Ma trace désormais est-elle au creux des livres
Qui ont été ornés de mes textes, ou bien
Dans la plus rare encore et fragile mémoire
De quelques lecteurs de passage, ou de hasard ?


Hôpital Européen Georges Pompidou, 24 juin 2012
Saint-Gilles-Croix-de-Vie, 24 juillet 2012

vie, vide, vieillir


En ces temps ou la vie n'était pour nous qu'un jeu
Où les parties gagnées s'achevaient dans les rires,
Et celles qu'on perdait dans la douce émotion
D'avoir ensemble appris de nouvelles manières,

Savions nous que la vie était aussi ce lent
Cheminement vers le dernier lancer de dé
Roulant sur le tapis usé d'un bistrot glauque
Pour se casser laissant une marque indécise ?

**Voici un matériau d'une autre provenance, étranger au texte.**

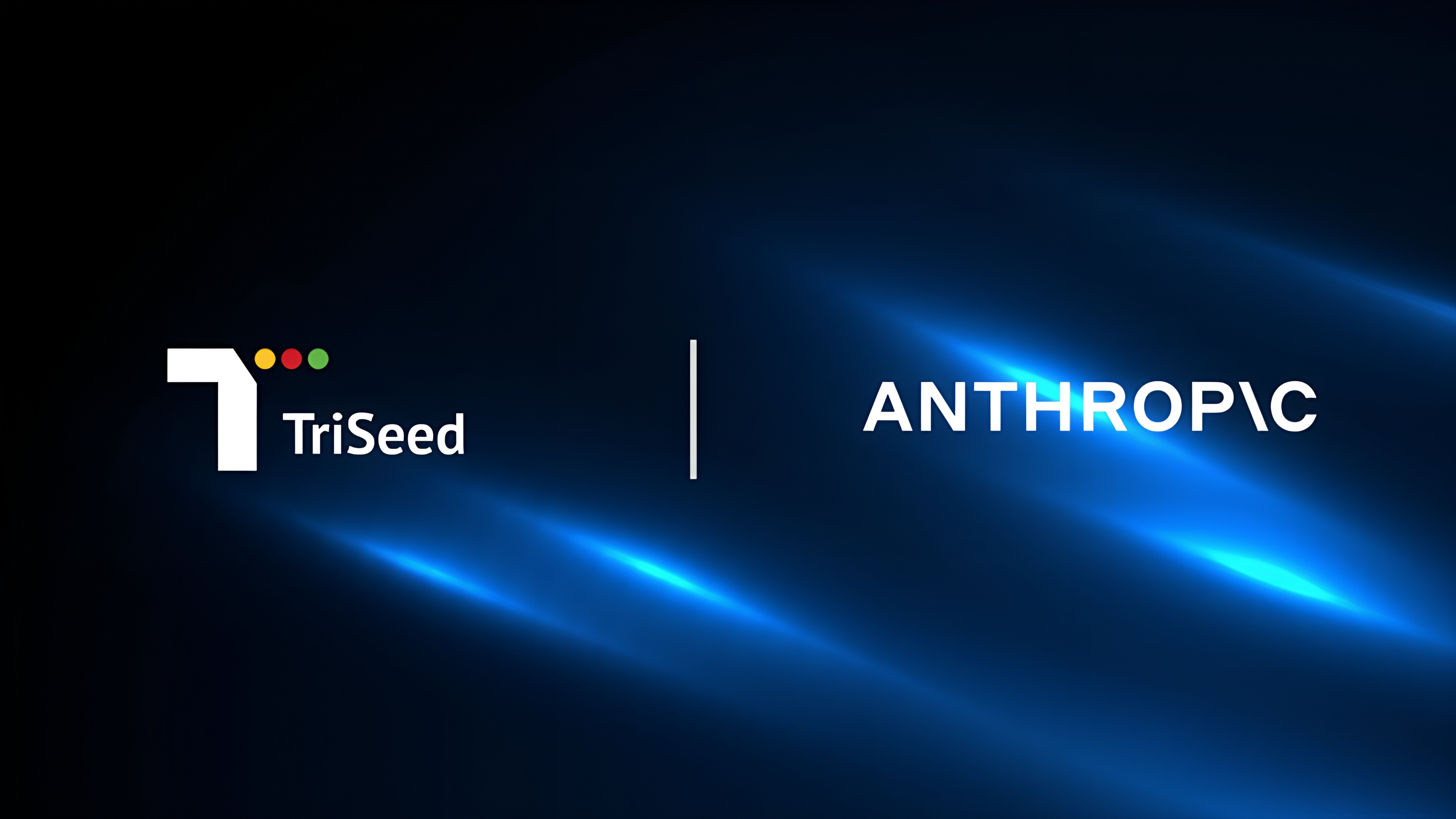 triseed-anthropic banner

En ces temps où vieillir n'était pour nous qu'un mot
Que nous rencontrions au détour de nos phrases,
Évoquant le retour de matins lumineux
Et l'attente de soirs achevant des jours clairs,
.
Savions-nous que vieillir était aussi ce flot
Qui nous fait dériver inéluctablement
Vers le sombre océan des matins douloureux,
Les sargasses tombeaux des soirs de peurs obscures ?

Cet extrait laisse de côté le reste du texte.